İBB, tarım arazisine akaryakıt istasyonu yapılmasına onay vermedi!
İzmir Büyükşehir Belediyesi 14 Aralık’taki toplantısında tarım alanı olan bir araziye akaryakıt istasyonu yapılması isteğini reddetti. Milliyet Gazetesi köşe yazarlarından Mustafa Yılmaz, bu kararı kaleme aldı.
14 Aralık'ta İzmir Büyükşehir Belediyesi'nde yapılan toplantıda tarım alanı olan bir araziye akaryakıt istasyonu yapılması isteği reddedildi. Milliyet Gazetesi köşe yazarlarından Mustafa Yılmaz bugünkü köşe yazısında bu kararı kaleme aldı. İşte Mustafa Yılmaz'ın bugünkü yazısı...

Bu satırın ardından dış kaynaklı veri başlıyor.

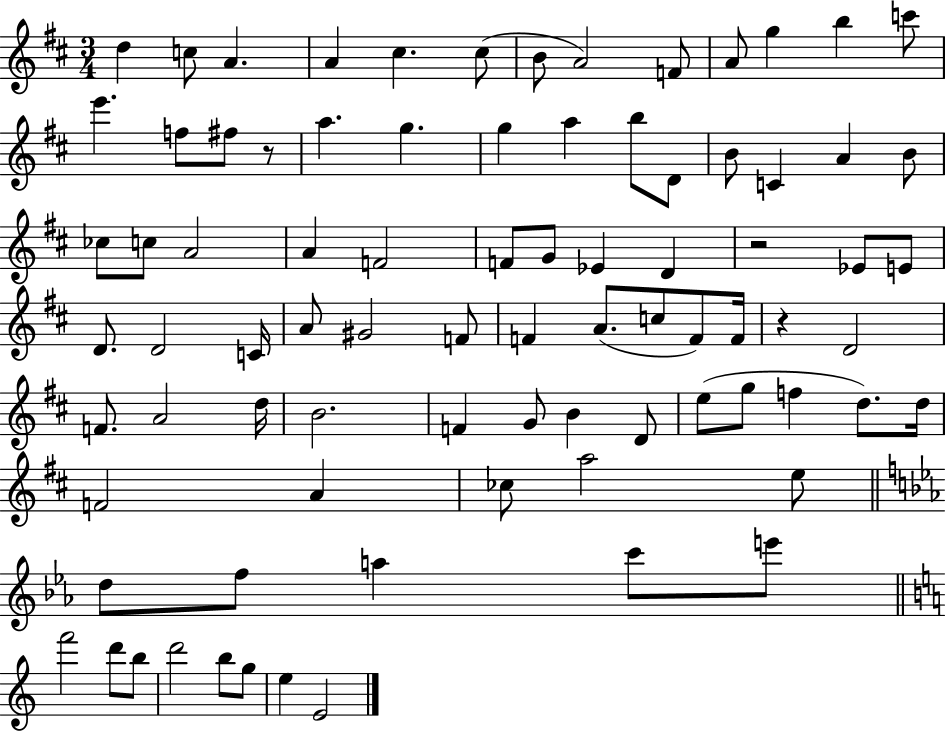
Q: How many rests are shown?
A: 3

Her zaman aksi olurdu. Bir yeşil alan, orman ya da tarım arazisinin imara açılması ya da amacı dışında kullanılmasına onay verilmesi eleştirilirdi.

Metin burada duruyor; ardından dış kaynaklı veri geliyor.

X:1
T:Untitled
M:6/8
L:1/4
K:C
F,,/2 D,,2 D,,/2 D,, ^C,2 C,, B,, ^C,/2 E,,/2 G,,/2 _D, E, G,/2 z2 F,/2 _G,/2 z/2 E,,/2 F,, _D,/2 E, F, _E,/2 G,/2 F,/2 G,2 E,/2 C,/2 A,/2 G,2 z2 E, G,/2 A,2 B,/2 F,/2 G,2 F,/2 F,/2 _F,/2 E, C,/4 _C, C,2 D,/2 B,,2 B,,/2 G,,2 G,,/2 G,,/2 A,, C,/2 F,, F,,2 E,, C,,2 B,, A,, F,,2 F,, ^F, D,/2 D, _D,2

Bu kez tersi oldu. İzmir Büyükşehir Meclisi, 14 Aralık’taki toplantısında tarım alanı olan bir araziye akaryakıt istasyonu yapılması isteğini reddetti.
Olay şu:
Urla’nın Uzunkaya Mahallesi’nde, L17a22a pafta 146 ada, 2 no’lu parselin ‘Akaryakıt+LPG+Servis İstasyonu’ olması isteği, İmar ve Esnaf komisyonlarında kabul edildi. Ama Çevre Komisyonu üyeleri, olayı yerinde görmek istedi.

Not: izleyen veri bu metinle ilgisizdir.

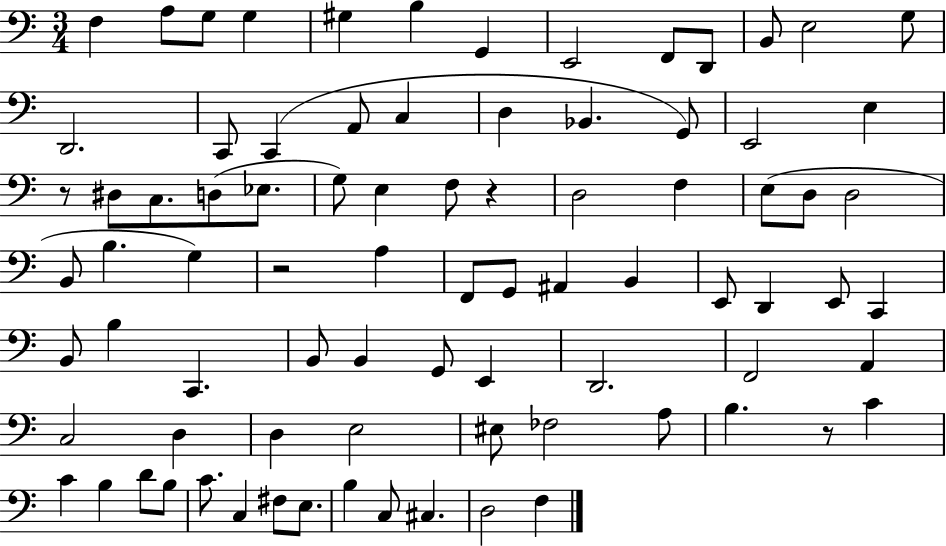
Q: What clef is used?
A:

Akaryakıt istasyonu kurulması istenen alanda kavun olduğunu gören, Çevre Komisyonu üyeleri olumsuz rapor verdi.
Büyükşehir Belediye Meclisi de Çevre Komisyonu’nun raporu doğrultusunda karar vererek isteği reddetti.
Ama ibretlik süreç tam da burada başladı.
Tarım alanına akaryakıt istasyonu yapılmasına neden izin verilmediği tartışma konusu oldu.
Çünkü, arsa sahibi bir mektup kaleme almış ve kendisinden rüşvet istendiğini iddia etmişti.
Çevre Komisyonu üyeleri, konuyla ilgili savcılığa başvuracaklarını bir sonraki Meclis toplantısında açıkladı.
Olay, yargının konusu. İddialar doğru mu yoksa iftira mı? Mahkeme karar verecek.
Ama ilginç bir dava olacağı kesin. Tarım arazisine neden akaryakıt istasyonu izni verilmediği araştırılacak.
Ne yazık ki ‘parsele özel’ imar plan değişiklikleri, belediye meclislerinin ana gündem maddelerinden biri olduğu sürece bu tür iddialar, kuşkular, dedikodular ya da suçlamalar bitmez.
Çünkü bir arazinin değeri, yapılan imar plan değişikliğiyle bin kat, hatta bazen 10 bin kat artıyor. Başka hiçbir alanda bu kadar büyük bir kazanç yok.
Oysa kentlerin imar planları var. Ve o planlar şehir anayasası niteliğinde.
O planlar, yıllar süren çalışmalarla, sayısız araştırmayla yapılıyor. Kentin tüm verileri ve geleceğe yönelik gelişimi göz önüne alınarak yapılıyor.
Nerede fabrika, nerede ticaret alanı, nerede park, nerede okul, nerede yeşil alan olacağı konunun uzmanı şehir plancıları tarafından belirleniyor.
Neyin nereye yapılacağı belli... Her türlü faaliyet için de o planlarda yer var.
Kentin planlarında fabrika için de, ticaret alanı için de, konut için de yeterli alan ayırılıyor.
Ama nedense öyle olmuyor. İlle de planlarda tarım, yeşil, sit ya da kamu kullanımına ayırılan yerlerin başka amaçlar için kullanılması kararı alınıyor.
Hem de hemen hemen her meclis toplantısında bir ya da birkaç plan değişikliği önerisi gündeme geliyor.
29 yıldır gazeteci olarak, belediye meclislerini takip ederim. Böyle bir değişiklik önerisinin gelmediği tek bir meclis toplantısı görmedim.
Parsel parsel imar değişikliklerinin bir ya da birkaç kişiye yarar sağladığı ortada.